::: PROVIDED DATA
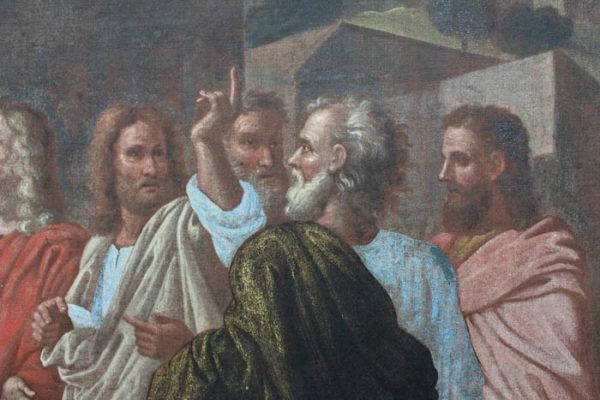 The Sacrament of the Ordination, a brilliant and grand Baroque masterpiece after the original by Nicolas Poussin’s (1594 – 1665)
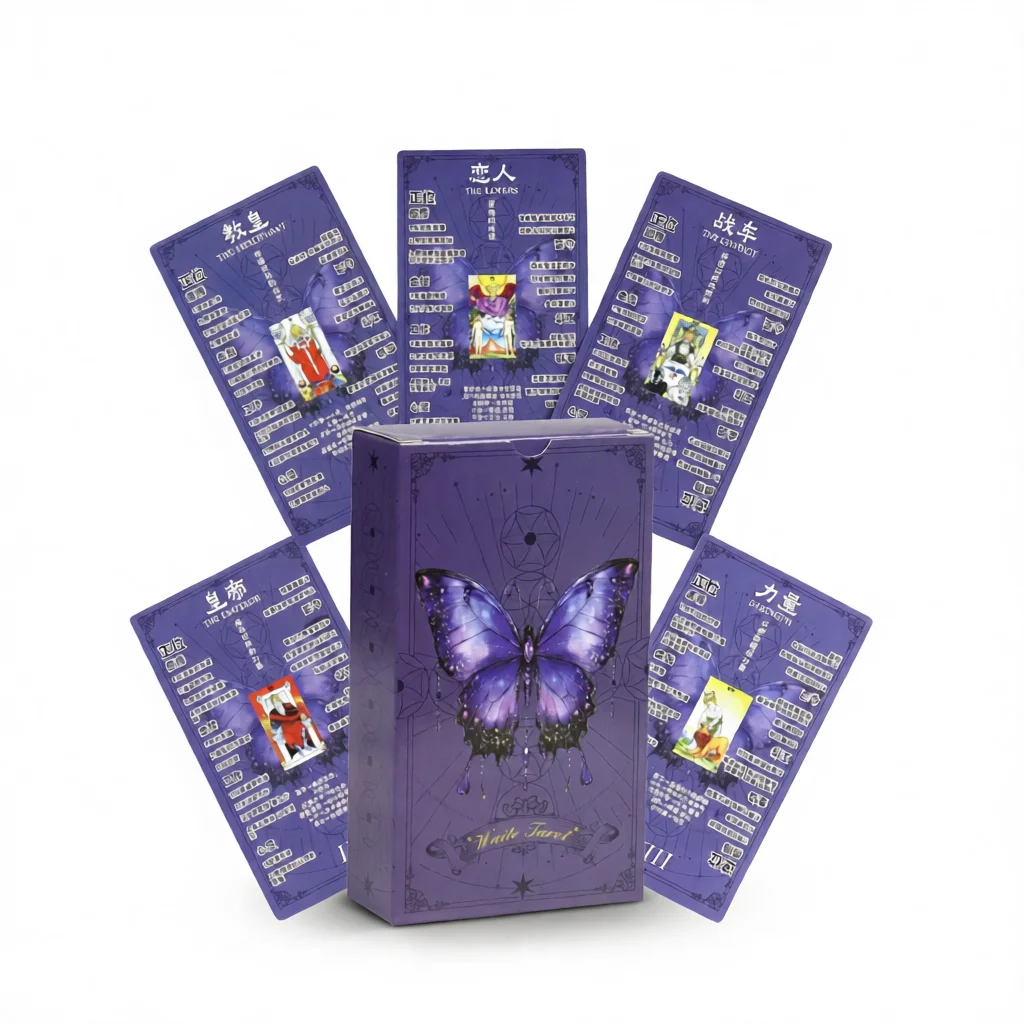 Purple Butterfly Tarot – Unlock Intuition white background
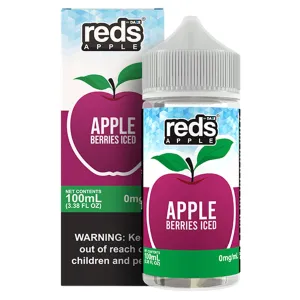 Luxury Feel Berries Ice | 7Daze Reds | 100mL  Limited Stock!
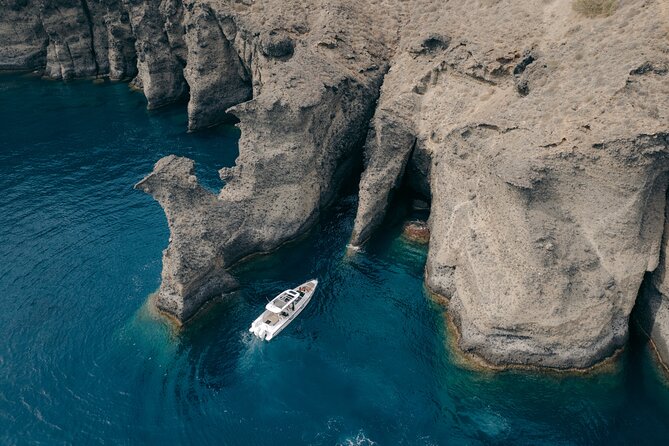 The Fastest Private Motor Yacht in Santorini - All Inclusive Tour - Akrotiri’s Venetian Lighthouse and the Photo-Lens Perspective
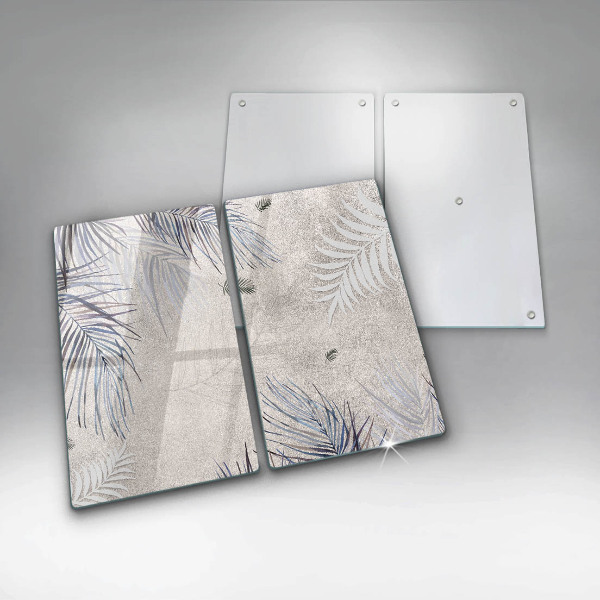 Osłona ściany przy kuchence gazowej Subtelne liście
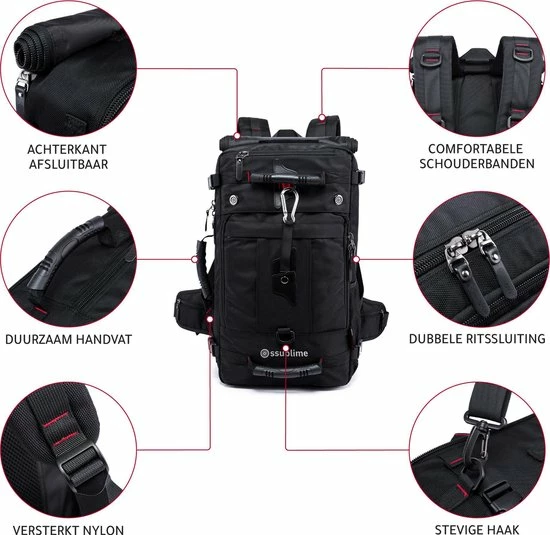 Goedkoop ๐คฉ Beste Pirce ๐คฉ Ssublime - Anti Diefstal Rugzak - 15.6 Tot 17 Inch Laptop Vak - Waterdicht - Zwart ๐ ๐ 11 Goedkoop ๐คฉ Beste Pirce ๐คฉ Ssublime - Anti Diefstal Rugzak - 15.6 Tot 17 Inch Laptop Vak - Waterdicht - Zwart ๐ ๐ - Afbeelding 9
::::::
▸ YOUR TASK
Return the records above verbatim, leaving out images.

▸ OUTPUT
 The Sacrament of the Ordination, a brilliant and grand Baroque masterpiece after the original by Nicolas Poussin’s (1594 – 1665)
 Purple Butterfly Tarot – Unlock Intuition white background
 Luxury Feel Berries Ice | 7Daze Reds | 100mL  Limited Stock!
 The Fastest Private Motor Yacht in Santorini - All Inclusive Tour - Akrotiri’s Venetian Lighthouse and the Photo-Lens Perspective
 Osłona ściany przy kuchence gazowej Subtelne liście
 Goedkoop ๐คฉ Beste Pirce ๐คฉ Ssublime - Anti Diefstal Rugzak - 15.6 Tot 17 Inch Laptop Vak - Waterdicht - Zwart ๐ ๐ 11 Goedkoop ๐คฉ Beste Pirce ๐คฉ Ssublime - Anti Diefstal Rugzak - 15.6 Tot 17 Inch Laptop Vak - Waterdicht - Zwart ๐ ๐ - Afbeelding 9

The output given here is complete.